On July 15, 1976, at the opening of the Albert Einstein Spacearium in Washington, D.C., I met Karlheinz Stockhausen (most well remembered, not for his music, but for the incredibly self-centered comments after 9/11 about how he "Was nothing" because he "Couldn't do anything (great) like that").
I was so star struck when I met Stockhausen that I couldn't speak and my friend had to say "John Cage says to say hello"
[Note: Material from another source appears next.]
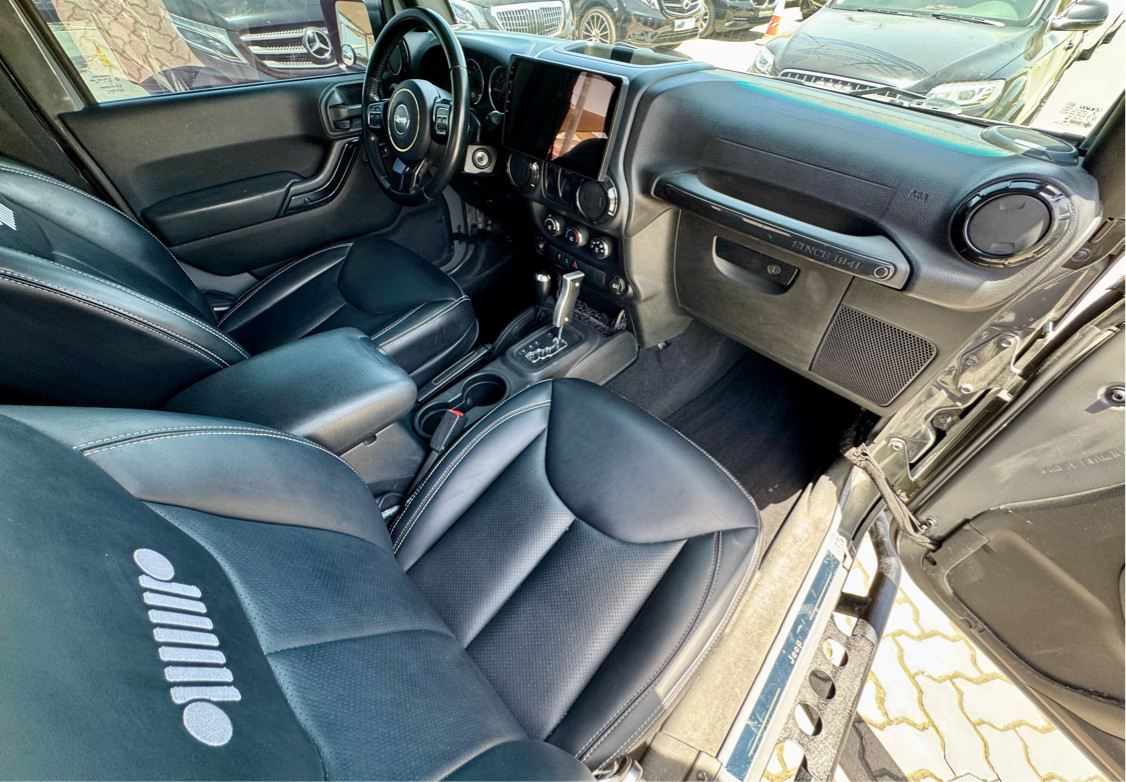 Jeep Wrangler Unlimited - Image 11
At first he asked if Cage was still living in the rural Stoney Point, upstate NY, but then there was a sudden thundercloud of venon which overtook his face and he thundered, "He's drowning his brain!".
Stoney Point
Now, I knew that he and Boulez had summarily thrown Cage out of Europe in the 30's when he was trying to play in the sand box with the rest of the young European composer boys and that they recognized his genius was greater than theirs, and that they hated him for it...but that comment, while hurtful and insulting, really stuck with me.
The truth is that Cage always outdrank me...always.
I have mixed feeling about that. I never saw it affect his judgement, except once when he was writing Mesostics. I saw him pause and just rationalize changing the rules. He was an unbelievably accurate, diamond hard, precision worker, so I felt stunned.
On the other hand, in all honesty, his mind was greater than mine and he may have simply understood something that I didn't.
It was the only time, besides the interaction with Stockhausen, that I wondered about his drinking and it's effect on him.